No single change marked the inflection point that led us to today.
Germany, Japan and South Korea became export powerhouses as their economies were rebuilt from the ruin of World War II. In many cases, their products were superior to American-made goods.
The great merger mania of the 1980s mowed down companies and whole industries, especially hurting employment in the Rust Belt. Top executives failed to invest in modernizing their domestic plants, making their sectors less competitive against imports.
“Shareholder value” became a ruling force for public companies, redistributing wealth upward to shareholders and top executives at the expense of wages, job creation and investment in the future.
Union busting was endorsed by President Ronald Reagan, the only former union president to occupy the Oval Office.
Coal jobs were steadily done in by low-employment open-pit mines, long before the effects of environmental regulation kicked in. Now natural gas is coal’s enemy.
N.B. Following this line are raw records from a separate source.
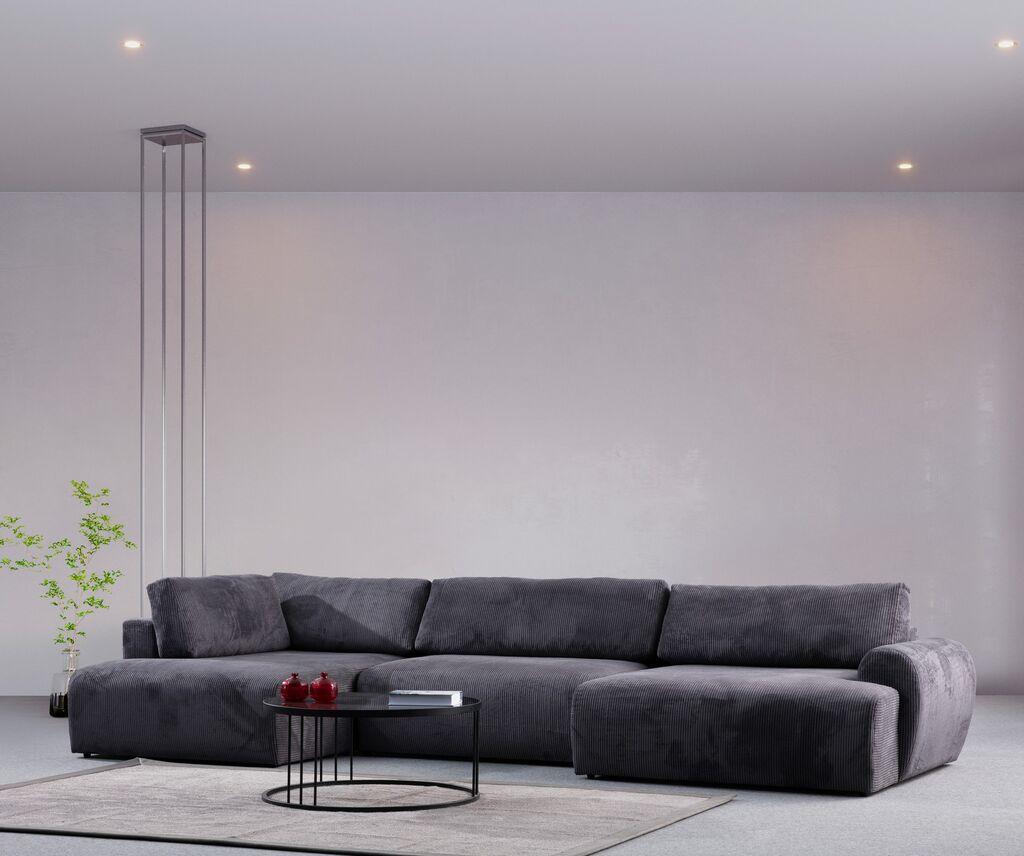 Аголна софа Atelier del Sofa Enjoy Chl-O3-2R, 180x405x150 см, Антрацит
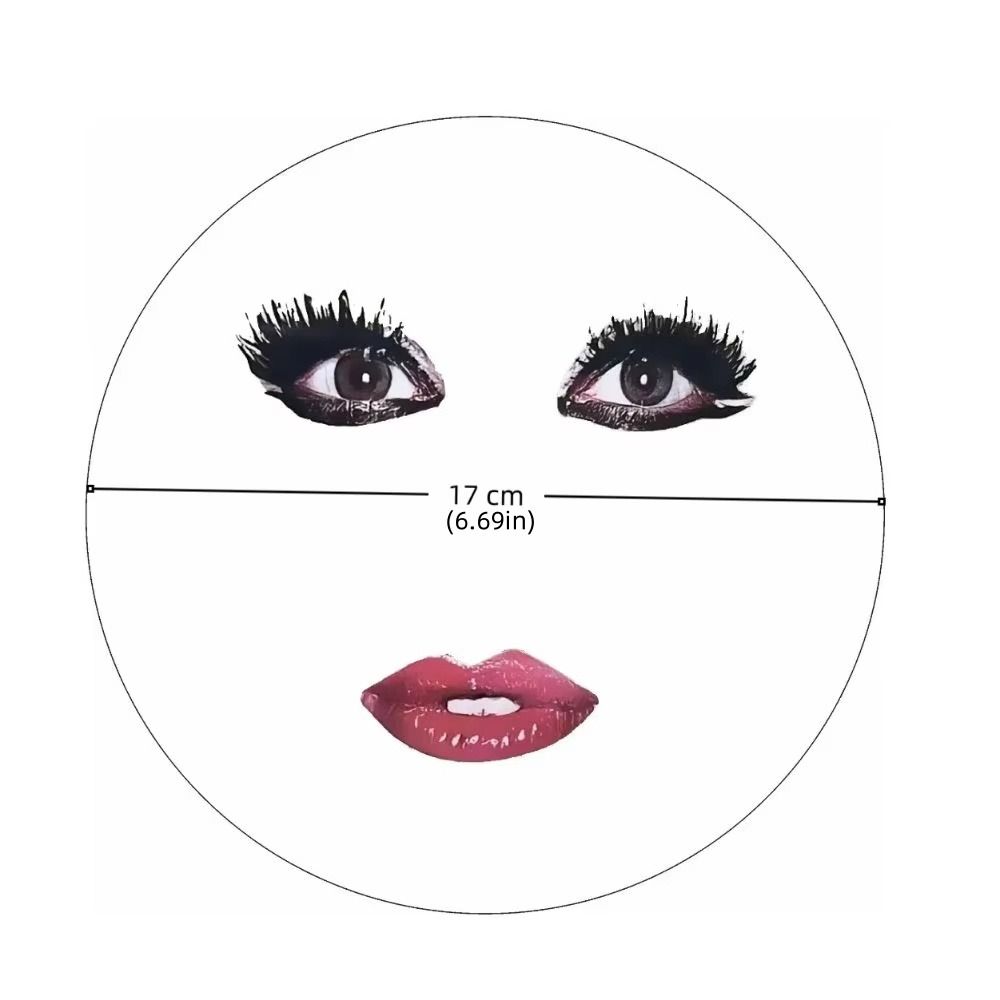 Длинные ресницы Прозрачные ручные веера ПВХ Печатный веер Веер с красными губами Подарок другу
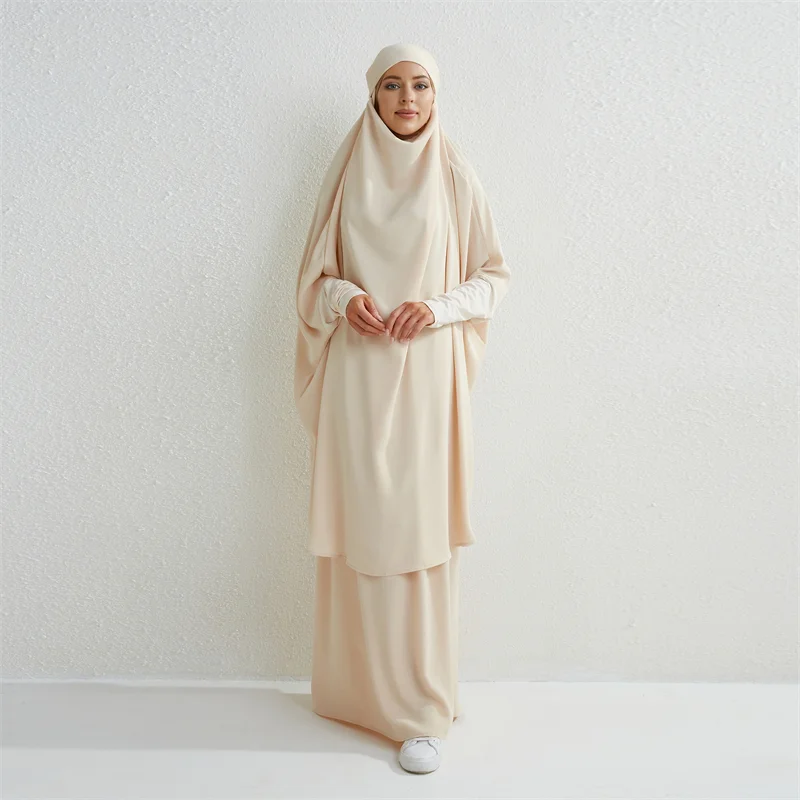 muslim-sets-two-pieces-prayer-clothing-women-abaya-sets-long-hooded-smocking-sleeve-shirts-hijab-loose-maxi-skirts-jilbab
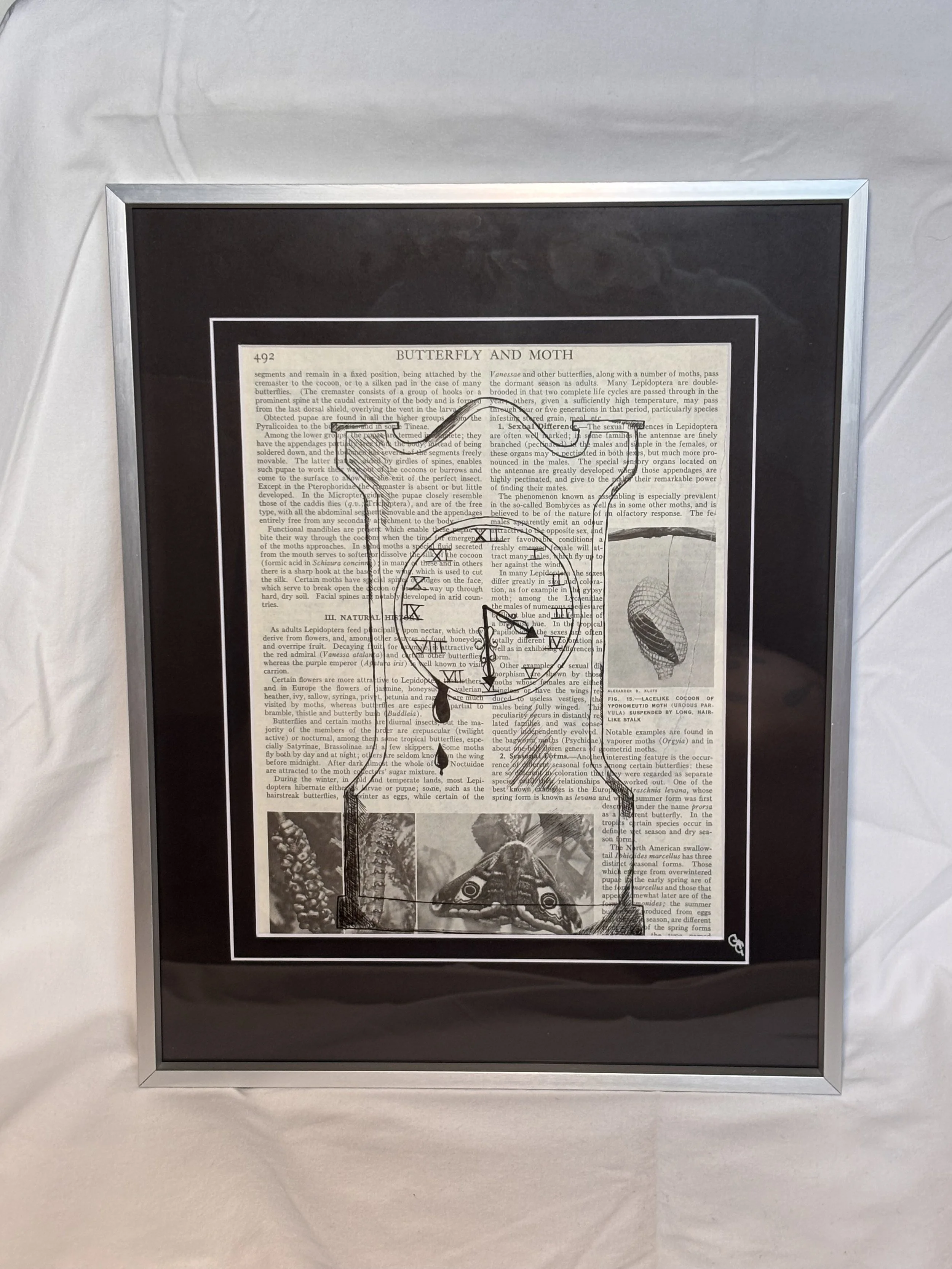 Original ink drawing on vintage book page, surreal clock with bleeding tears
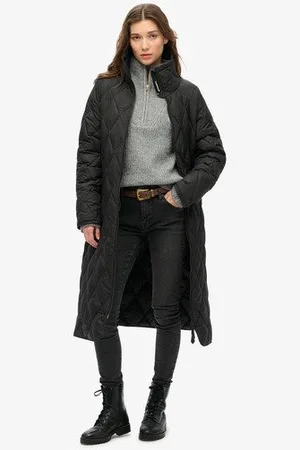 Superdry Damen Superlanger, Gefütterter Steppmantel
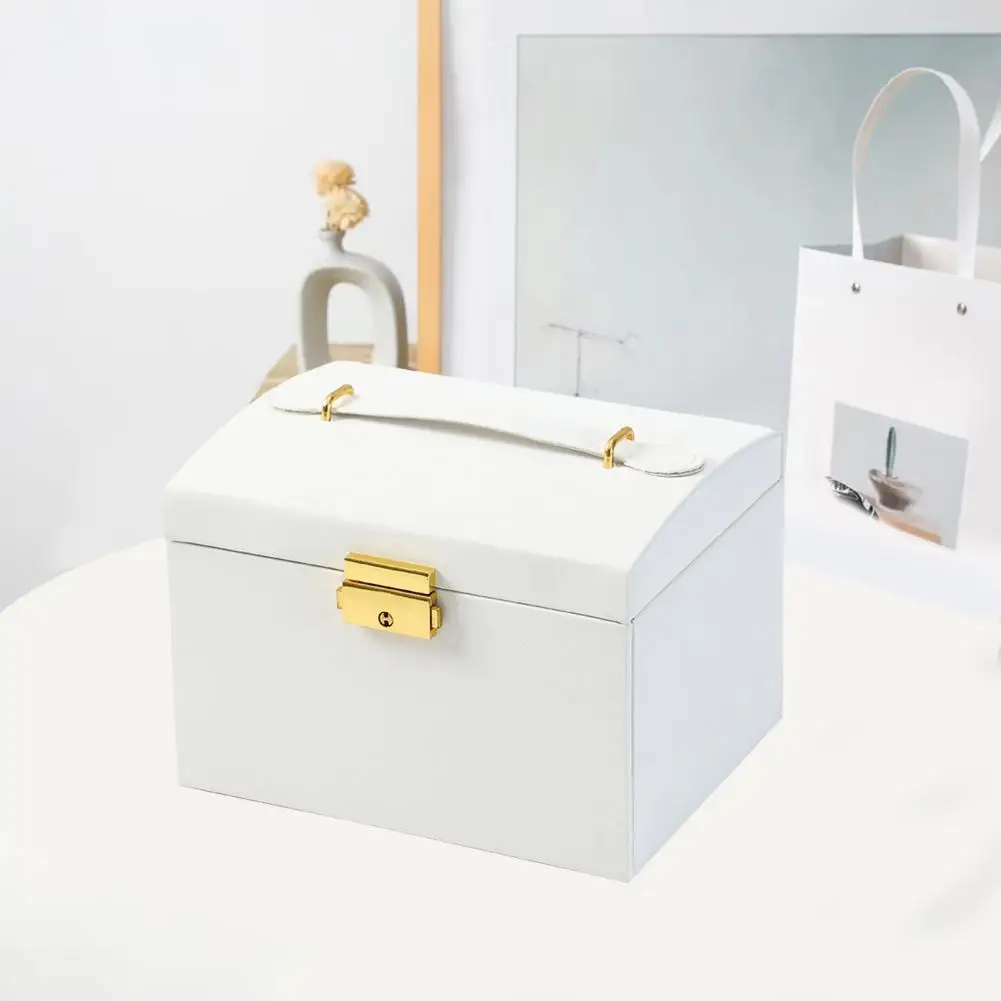 

Полезная шкатулка для ювелирных изделий со съемным ящиком, компактная шкатулка для ювелирных изделий, шкатулка для хранения ювелирных изделий с защитой от пыли для девочек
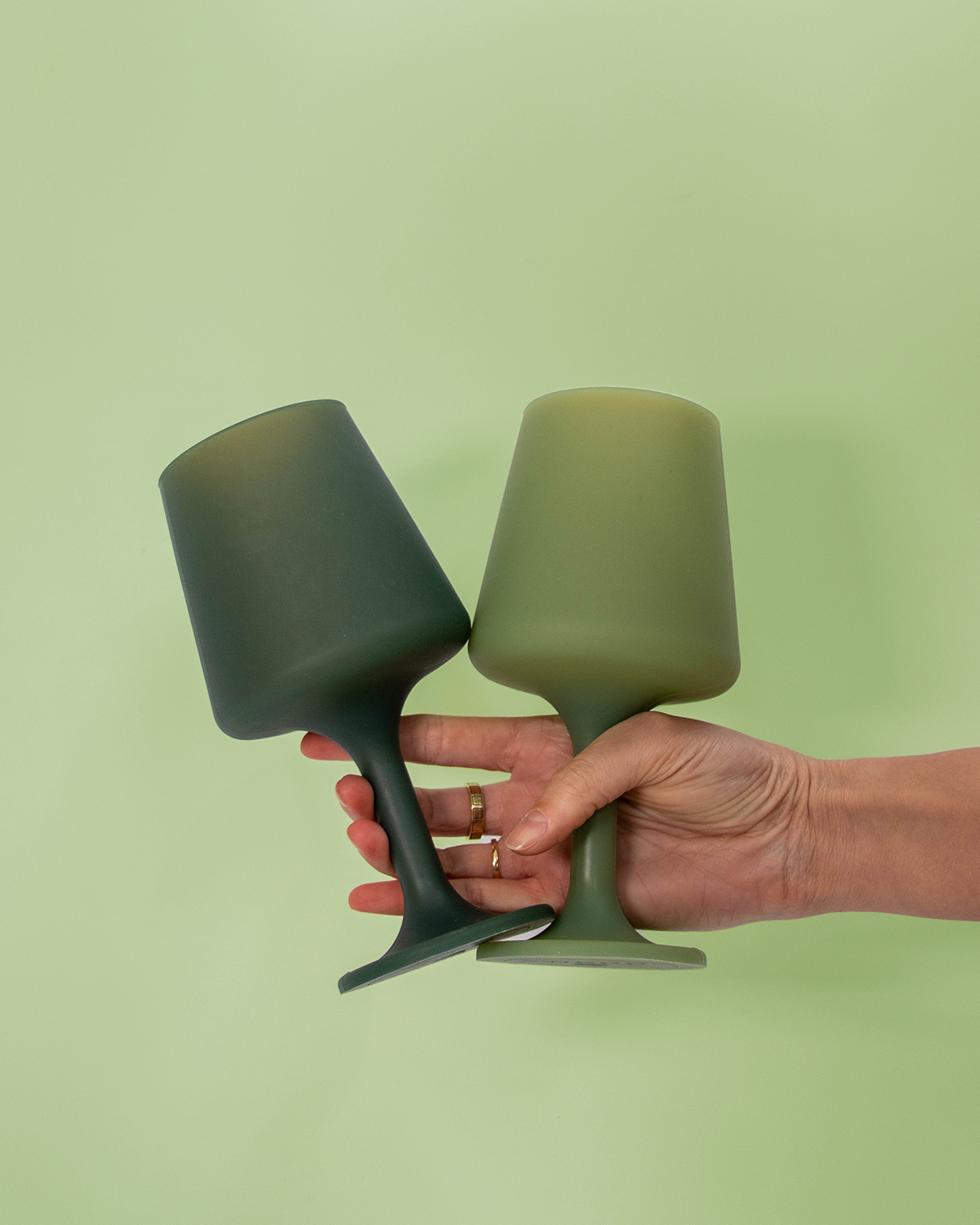 Unbreakable Silicone Wine Glasses – Sage | Olive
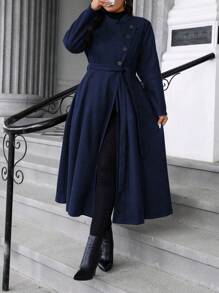 SHEIN LUNE Plus Size Women Elegant Solid Color Big Lapel Button Belted Long Overcoat For Autumn/Winter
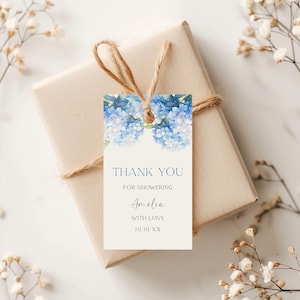 Modèle d&#39;étiquette de douche nuptiale bleu hortensia, étiquettes de faveur imprimables personnalisées Merci, étiquettes cadeaux, étiquette de douche avec amour
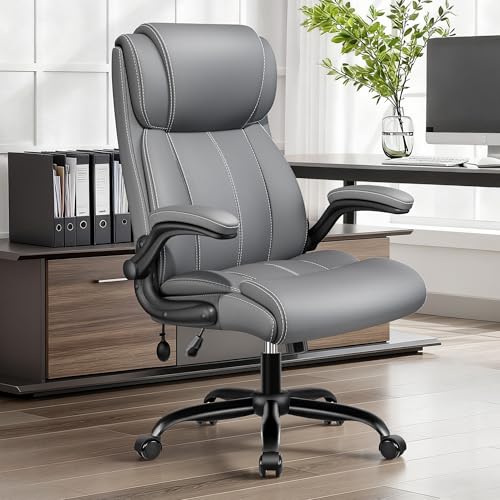 BESTFAIR High Back Office Chair, Adjustable Lumbar Support, Rocking, Gray | Inflatable Lumbar Eases Lower Back Fatigue, Padded Flip-Up Armrests, 21" Wide Seat, Scratch-Resistant PU Leather, 2 Pack - color: Grey, size: 2 Pack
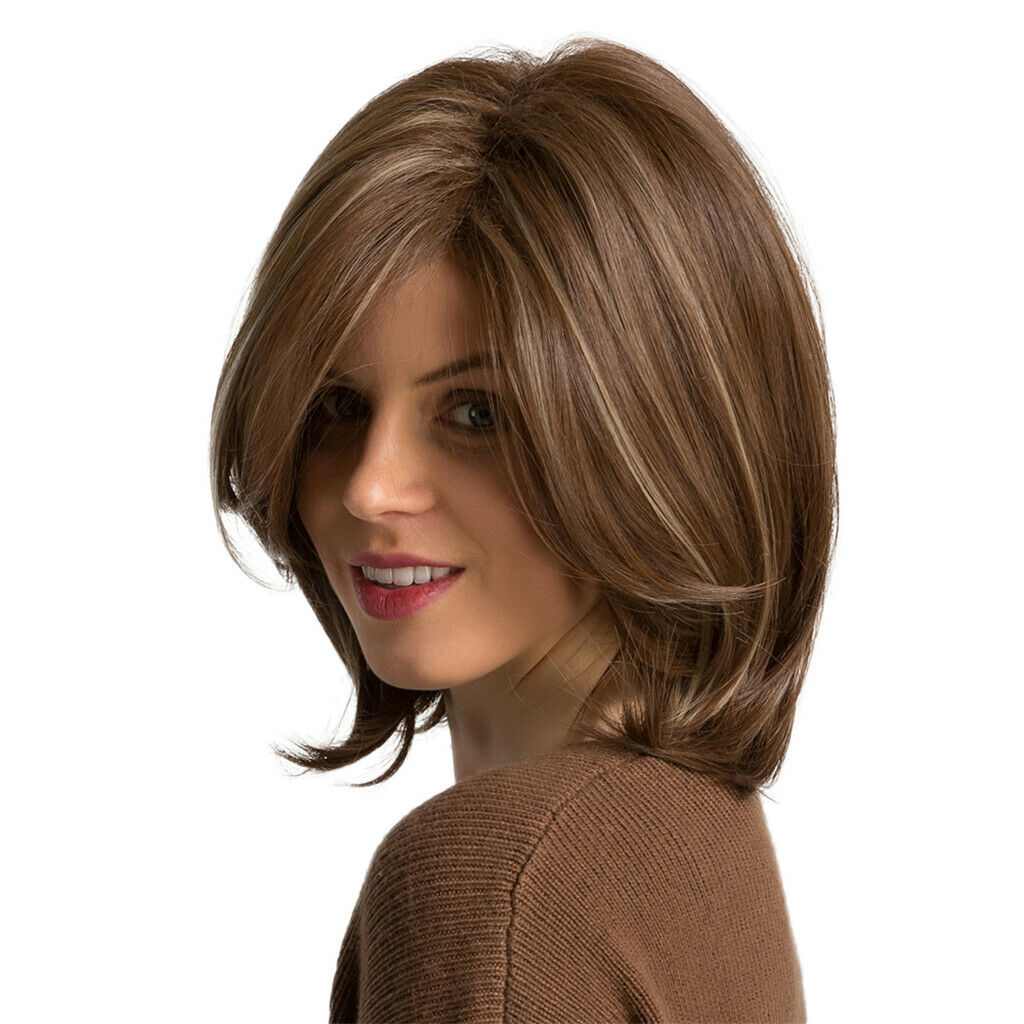 Bob Curly Wig Synthetic Short Brown Wig with Bangs Natural Looking Heat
Technology became the enemy of low-skilled and less-educated workers, too. For example, diesels replaced steam locomotives, eliminating millions of railroad jobs. A freight train once required a crew of at least five; now it’s two, and rail companies are experimenting with wholly automated trains. America’s world-leading passenger trains were replaced by the skeleton system of Amtrak.
Deregulation eliminated jobs by enabling industry consolidation and taking away secure employment in such sectors as telecommunications.
And globalization sent jobs overseas, including fields where America once ruled, such as manufacturing everything from televisions to machine tools.
The result is a workforce where the better educated and highly skilled do well, while the rest lack the rungs up the ladder that once existed. By 2016, more than 33 percent of American adults held bachelor’s degrees.
Now, someone doesn’t necessarily need a college degree to rise. But lacking that, they need specific skills, especially in the largest sectors of production and construction. (Fun fact: In Seattle-Tacoma-Bellevue, the sector that contains the highest concentration of good or promising jobs without a degree is mining. The bad news is that this consisted of only 810 positions in 2017).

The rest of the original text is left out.